Largest data type which can be fetch-ANDed atomically?

1.4k views Asked by At

I wanted to try and atomically reset 256 bits using something like this:

#include <x86intrin.h>
#include <iostream>
#include <array>
#include <atomic>

int main(){

    std::array<std::atomic<__m256i>, 10> updateArray;

    __m256i allZeros = _mm256_setzero_si256();

    updateArray[0].fetch_and(allZeros);
}

but I get compiler errors about the element not having fetch_and(). Is this not possible because 256 bit type is too large to guarantee atomicity?

Is there any other way I can implement this? I am using GCC.

If not, what is the largest type I can reset atomically- 64 bits?

EDIT: Could any AVX instructions perform the fetch-AND atomically?

2

There are 2 answers

7
Mats Petersson On

So there are a few different things that need to be solved:

  1. What can the processor do?
  2. What do we mean by atomically?
  3. Can you make the compiler generate code for what the processor can do?
  4. Does the C++11/14 standard support that?

For #1 and #2:

In x86, there are instructions to do 8, 16, 32, 64, 128, 256 and 512 bit operations. One processor will [at least if the data is aligned to it's own size] perform that operation atomically. However, for an operation to be "true atomic", it also needs to prevent race conditions within the update of that data [in other words, prevent some other processor from reading, modifying and writing back that same location]. Aside from a small number of "implied lock" instructions, this is done by adding a "lock prefix" to a particular instruction - this will perform the right kind of cache-talk [technical term] to the other processors in the system to ensure that ONLY THIS processor can update this data.

We can't use VEX instructions with LOCK prefix (from Intel's manual)

Any VEX-encoded instruction with a LOCK prefix preceding VEX will #UD

You need a VEX prefix to use AVX instructions, and #UD means "undefined instruction" - in other words, the code will cause a processor exception if we try to execute it.

So, it is 100% certain that the processor can not do an atomic operation on 256 bits at a time. This answer discusses SSE instruction atomicity: SSE instructions: which CPUs can do atomic 16B memory operations?

#3 is pretty meaningless if the instruction isn't valid.

#4 - well, the standard supports std::atomic<uintmax_t>, and if uintmax_t happens to be 128 or 256 bits, then you could certainly do that. I'm not aware of any processor supporting 128 or higher bits for uintmax_t, but the language doesn't prevent it.

If the requirement for "atomic" isn't as strong as "need to ensure 100% certainly that no other processor updates this at the same time", then using regular SSE, AVX or AVX512 instructions would suffice - but there will be race conditions if you have two processor(cores) doing read/modify/write operations on the same bit of memory simultaneously.

The largest atomic operation on x86 is CMPXCHG16B, which will swap two 64-bit integer registers with the content in memory if the value in two other registers MATCH the value in memory. So you could come up with something that reads one 128-bit value, ands out some bits, and then stores the new value back atomically if nothing else got in there first - if that happened, you have to repeat the operation, and of course, it's not a single atomic and-operation either.

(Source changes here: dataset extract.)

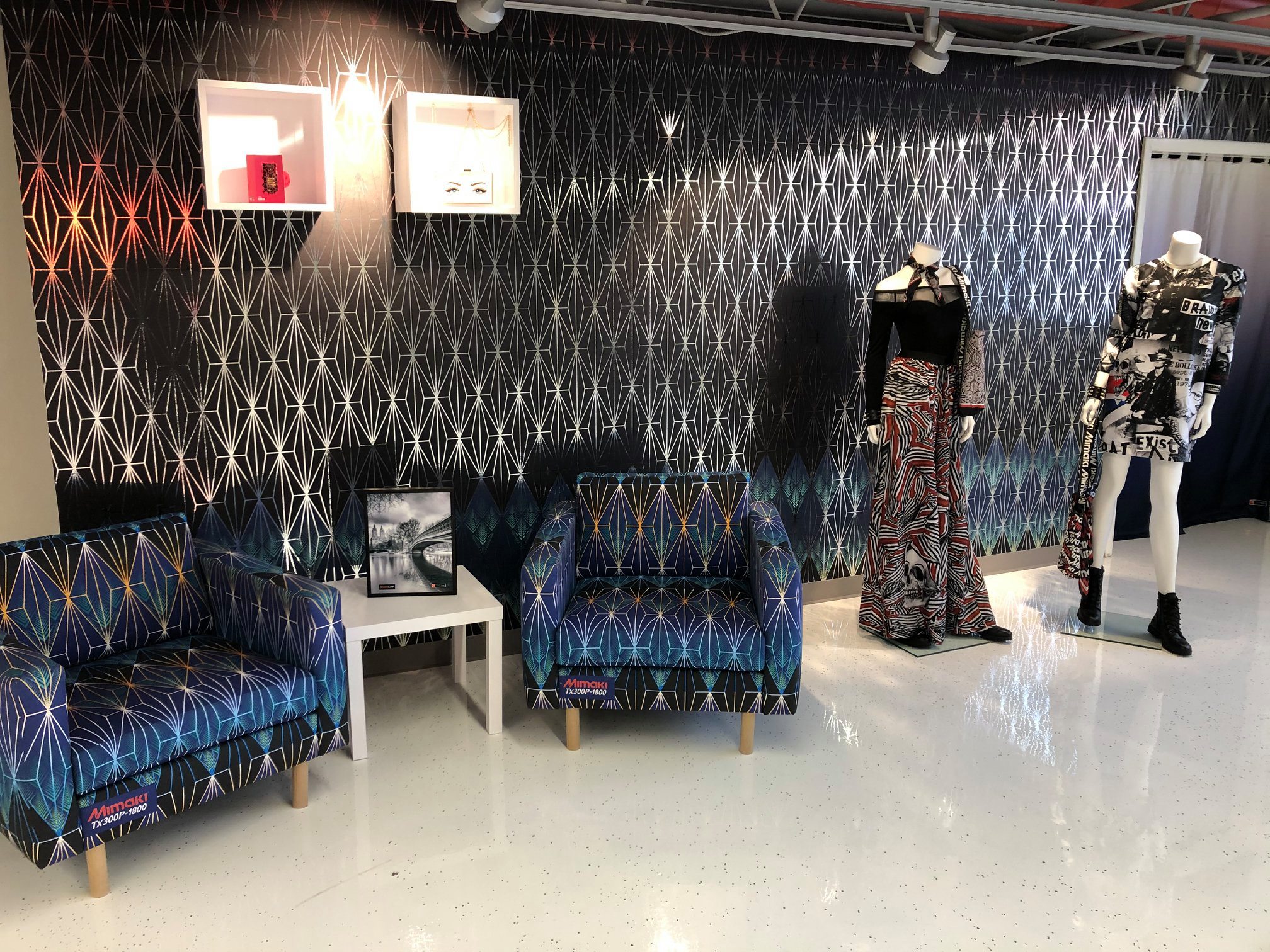 Mimaki New Jersey Technology Center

Of course, on other platforms than Intel and AMD, the behaviour may be different.

0
Peter Cordes On

The operation can only be atomic if the memory read/modify/write all happens as a single operation. e.g. lock and [mem], %rax is atomic. (Intel's insn ref manual explicitly says that the lock prefix does work with and to make it atomic.)

Since typical AVX instructions like VPAND can have memory source operands (combining a memory read with modifying a register), but not memory destination operands (read/modify/write), this whole idea isn't going to work.

Mats Petersson's answer does a good job explaining what you can do, but I just wanted to point out why normal AVX can't possibly be used as single-instruction atomic operations. You have to load, modify, and cmpxchange, and then try again if something else modified the memory between reading the load and the cmpexchange.